Its gonna cost trillions, if not 100x more to build a tunnel that long in this country. Not to mention re-electrifying LIRR corridor. Which comes with billions of its own cost.


----------



## afigg (Sep 5, 2012)

Shawn Ryu said:


> Waste of money.
> 
> Its gonna cost trillions, if not 100x more to build a tunnel that long in this country. Not to mention re-electrifying LIRR corridor. Which comes with billions of its own cost.


"Re-electrifying LIRR corridor"? Clearly any HSR route to Jamaica and Ronkonkoma on Long Island would use entirely new dedicated tracks with catenary, although they might use various LIRR Right Of Ways. If the LIRR ROWs have enough room and if LIRR/MTA would even consider cooperating one iota with that route concept.

As for costing trillions, the distance from Port Jefferson to West Haven is around 24 miles. The tunnel would be around the same length as the Chunnel which did not cost trillions to build. Now I do not see this route as a practical plan at all, but let's not overstate the cost.

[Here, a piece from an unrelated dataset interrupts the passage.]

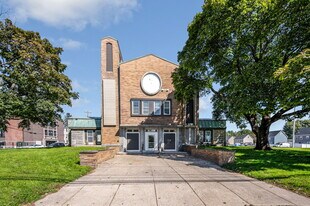 241 W 6th St in Lowell, MA - Building Photo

The proposals for a HSR route running eastward from NYC partway out LI and then going north under the sound do make the point that there is a large population on LI that is not well served for train trips to Boston and New England. LI residents have to take LIRR to Penn Station and then go back through the East River tunnels and north through Queens to New Rochelle. The Next Gen NEC HSR route analysis if it is to be thorough should consider a route through Queens or Jamaica station which provides for much more direct HSR connections for people in LI.

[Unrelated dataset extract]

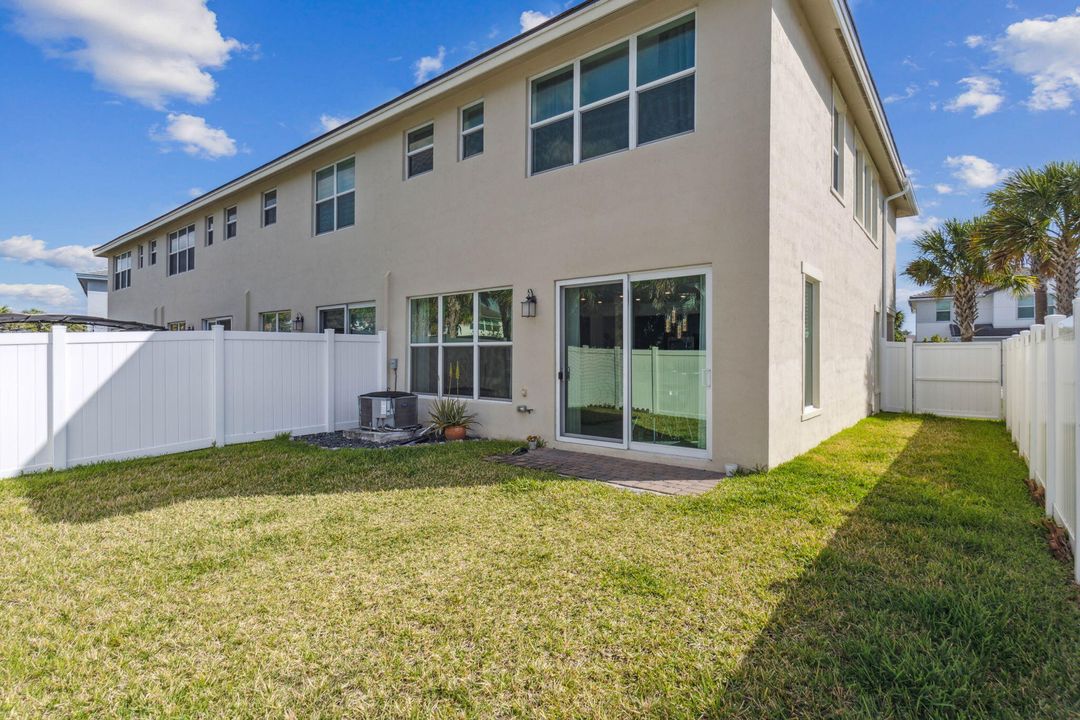 Active With Contract: $3,500 (3 beds, 2 baths, 1832 Square Feet)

The route shown on the map does show a route from Hartford to Boston that should be considered. The Next Gen NEC route analysis for NYC to Boston should consider the route taken split into 2 parts: NYP to Hartford and Hartford to BOS. I think a new HSR route to Boston has to go through Hartford whatever the final route is. The route from Hartford along I-84 through Tolland to Worcester to Boston would connect to population and business centers that are not served by the current NEC route through Rhode island and Providence. A route from Hartford along I-84 to I-90 to Worcester and then on MBTA owned ROW to Boston could be much less expensive than Hartford to Providence over who know what route in eastern CT.

[edit: poor wording fix]


----------



## jis (Sep 5, 2012)

afigg said:


> "Re-electrifying LIRR corridor"? Clearly any HSR route to Jamaica and Ronkonkoma on Long Island would use entirely new dedicated tracks with catenary, although they might use LIRR Rights Of Ways. If the LIRR ROWs have enough room and if LIRR/MTA would even consider cooperating one iota with that route concept.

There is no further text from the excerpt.